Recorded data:
# # #

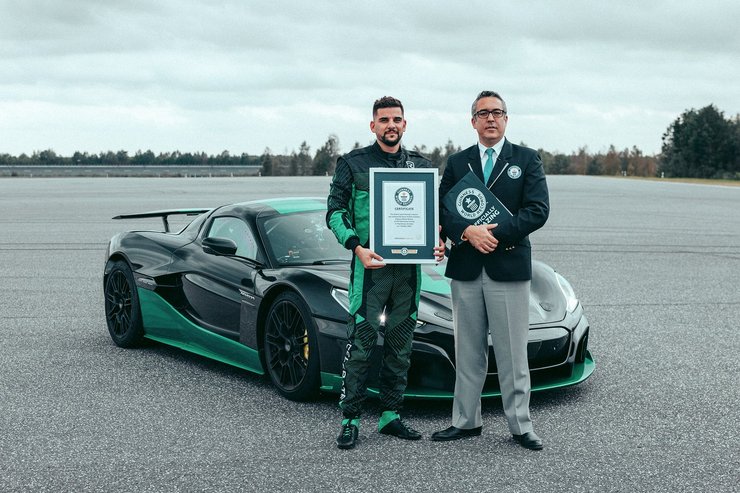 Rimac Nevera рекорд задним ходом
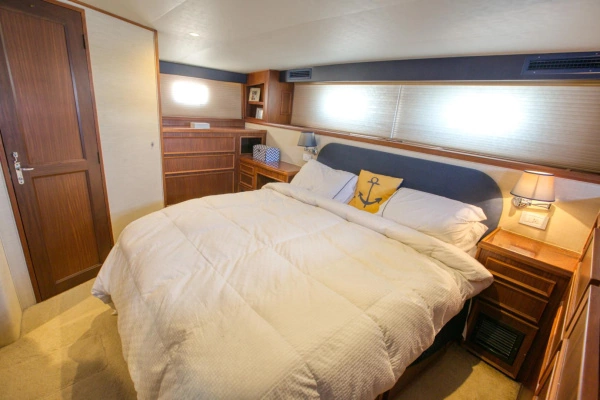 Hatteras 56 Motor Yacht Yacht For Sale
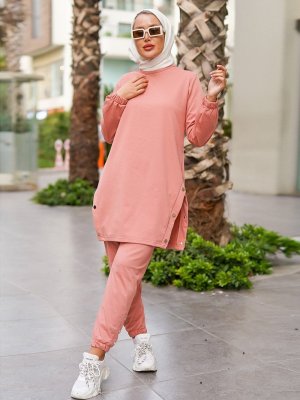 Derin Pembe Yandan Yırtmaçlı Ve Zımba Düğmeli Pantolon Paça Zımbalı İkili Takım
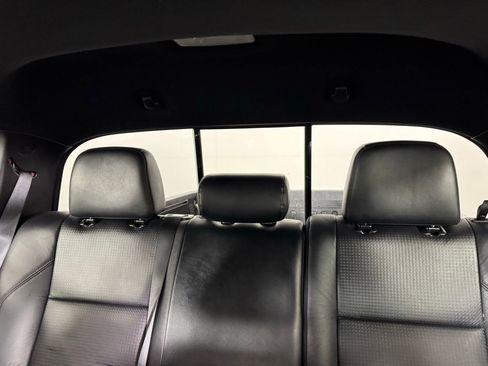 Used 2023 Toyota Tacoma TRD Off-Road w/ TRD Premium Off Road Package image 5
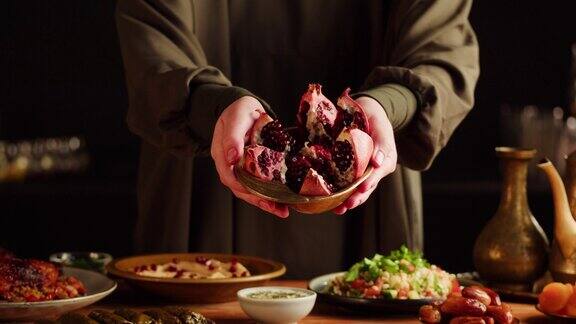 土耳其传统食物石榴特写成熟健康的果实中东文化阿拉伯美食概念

# # #

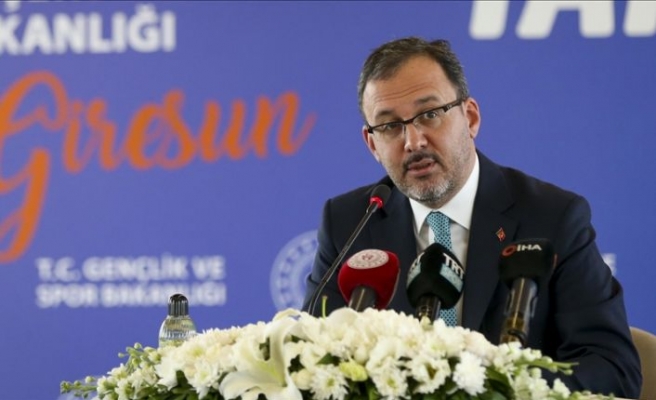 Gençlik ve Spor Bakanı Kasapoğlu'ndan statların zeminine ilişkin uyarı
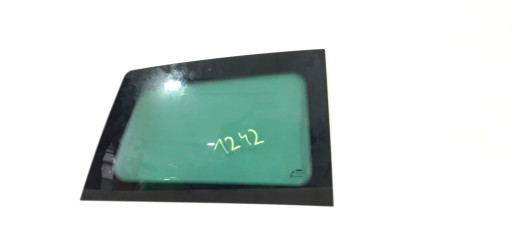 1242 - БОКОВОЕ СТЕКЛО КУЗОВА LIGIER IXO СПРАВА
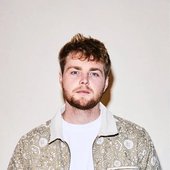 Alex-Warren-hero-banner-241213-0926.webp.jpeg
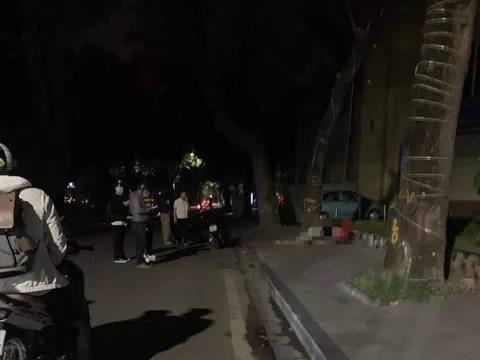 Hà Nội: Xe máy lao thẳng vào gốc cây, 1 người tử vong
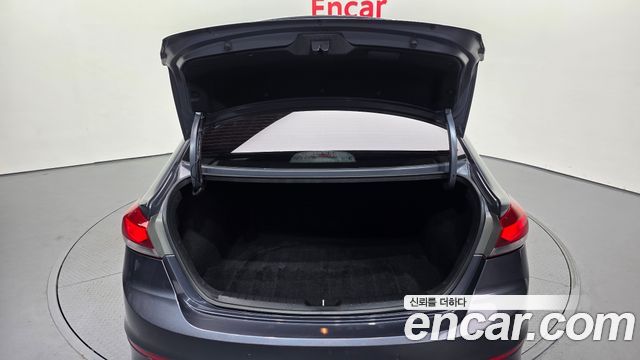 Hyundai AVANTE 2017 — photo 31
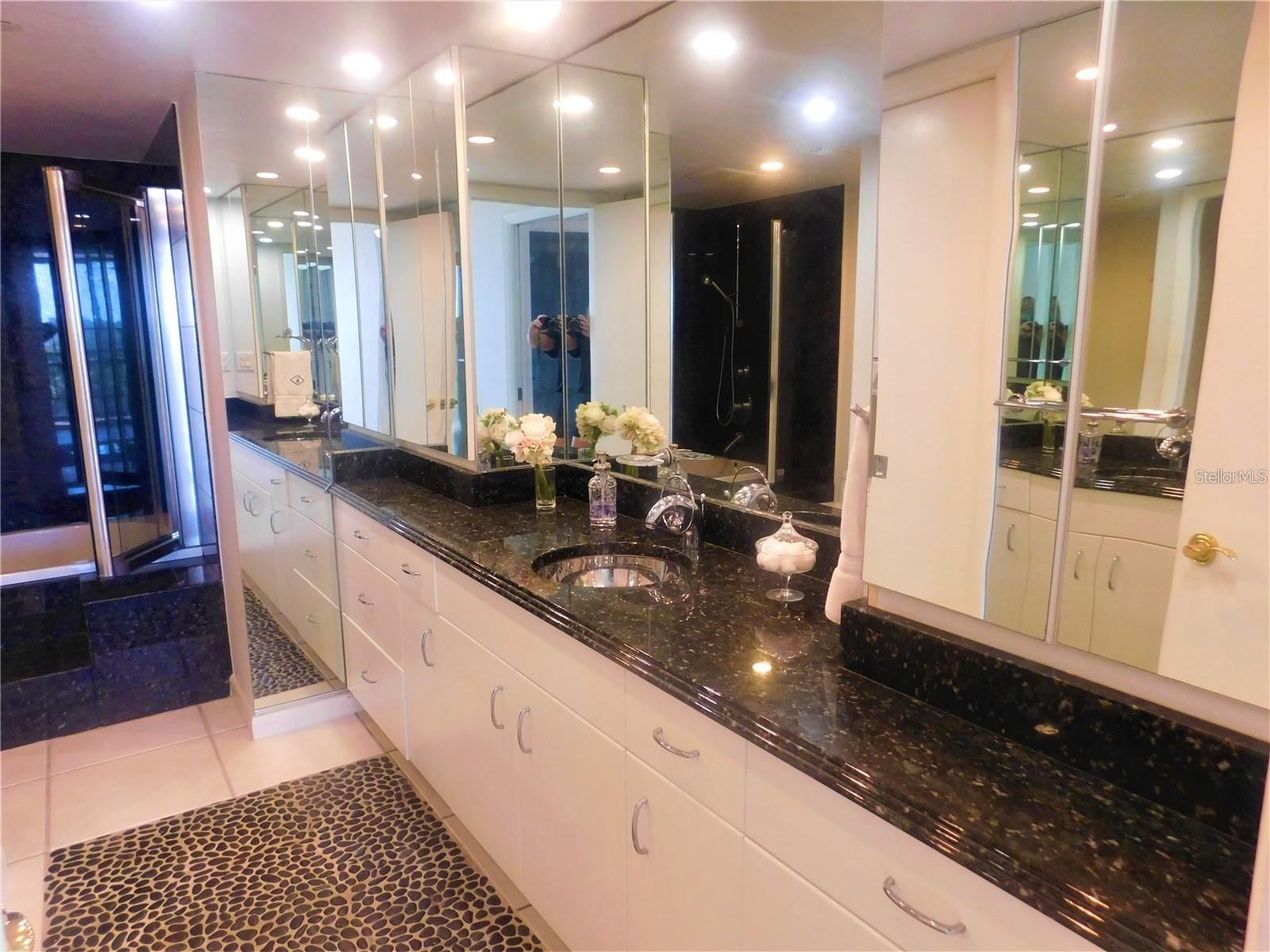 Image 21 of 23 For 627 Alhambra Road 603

# # #

> YOUR OBJECTIVE
Looking above, find the stretch of lines that opens with the one holding "Derin Pembe Yandan" and closes with the one holding "土耳其传统食物石榴特写成熟健康的果实中东文化阿拉伯美食概念". Copy it exactly, pictures excluded.

> SOLUTION FOR THIS TASK
 Derin Pembe Yandan Yırtmaçlı Ve Zımba Düğmeli Pantolon Paça Zımbalı İkili Takım
 Used 2023 Toyota Tacoma TRD Off-Road w/ TRD Premium Off Road Package image 5
 土耳其传统食物石榴特写成熟健康的果实中东文化阿拉伯美食概念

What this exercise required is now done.